If I home in on the timeframes where drone brood is present in the hive, what really stands out is this. One mite we eliminate today, is 8 mites we wont have in 36 days, which becomes 64 we wont have in 72 days, ie 10 weeks down the road. Expand this by one more cycle of 36 days, and it’s 512 mites we will not have 108 days (15 weeks) down the road. So now if I do some calendar math, we see hives crashing from mites in the early August timeframe. Every mite we remove from a colony on May 1 is potentially 500 mites we will not see on August 15.
Doing the math on mite life cycles was an enlightening experience for me, it fully explained some of the things I’ve seen in the field, and more importantly, shows me the importance of mite control early in the season. If I do a sugar roll to count mites in May and find one, and only one mite on 300 bees, the typical thought train is that load is light enough to ignore. On average roughly 20% of the mites are going to be phoretic at any time, the rest are hiding under cappings with brood, so my population at that time is indeed 5 mites per 300 bees, about 1.5% which is a number we have always been told to be under the ‘economic threshold’ for mites. But left totally unchecked, that population is more than enough to grow exponentially thru the season and kill the colony by August. A sugar roll or wash count of 2 mites on May 1 left unchecked results in a dead hive in August.
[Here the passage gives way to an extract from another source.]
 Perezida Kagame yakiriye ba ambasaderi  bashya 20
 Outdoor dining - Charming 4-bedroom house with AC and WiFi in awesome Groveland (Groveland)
The other really important detail I took from this exercise is looking at the phoretic phase, and the phase of mites in the cells under cappings. If we do an intervention that only gets phoretic mites today, after measuring a population of 1% with drones brood in the hive, then come back 12 days later and check again, the colony will look like we didn’t do anything, and measure roughly 2% infestation. An intervention that only gets phoretic mites will NOT show up in counts until _at least_ 18 days later, when the mite brood that would have been from those mites would start to emerge. In the meantime, all of those mites that were hiding under cappings will continue to emerge over that period. Reality is, if I do an intervention on July 1 of a type that only affects phoretic mites, by July 5 I would expect to see a 25% increase in the population when I check due to all the mites that emerged in the 5 days between intervention and testing. If I do a single intervention on July 1 that effectively eliminates phoretic mites, I dont expect to see a decline in numbers before July 20, and in the intervening 3 weeks, the numbers will continue to skyrocket upwards, so much so that by July 20 the effect will hardly be noticeable anyways. If all the mites were specific and jumping into cells exactly 4 days after emerging, we would see the noticeable difference around July 20, but, the 4.5 days phoretic is only and average, so by 20 days down the road the decrease will disappear in the averages.
There is lots of food for thought to ponder in all of this, but, this exercise of doing some simple math on the mite reproduction schedule has been enlightening for me, and has me seriously re-thinking mite strategies. My biggest takeaway from it all is, low counts early in the season are a leading indicator for hives crashing in August, not an indicator telling me ‘good enough’.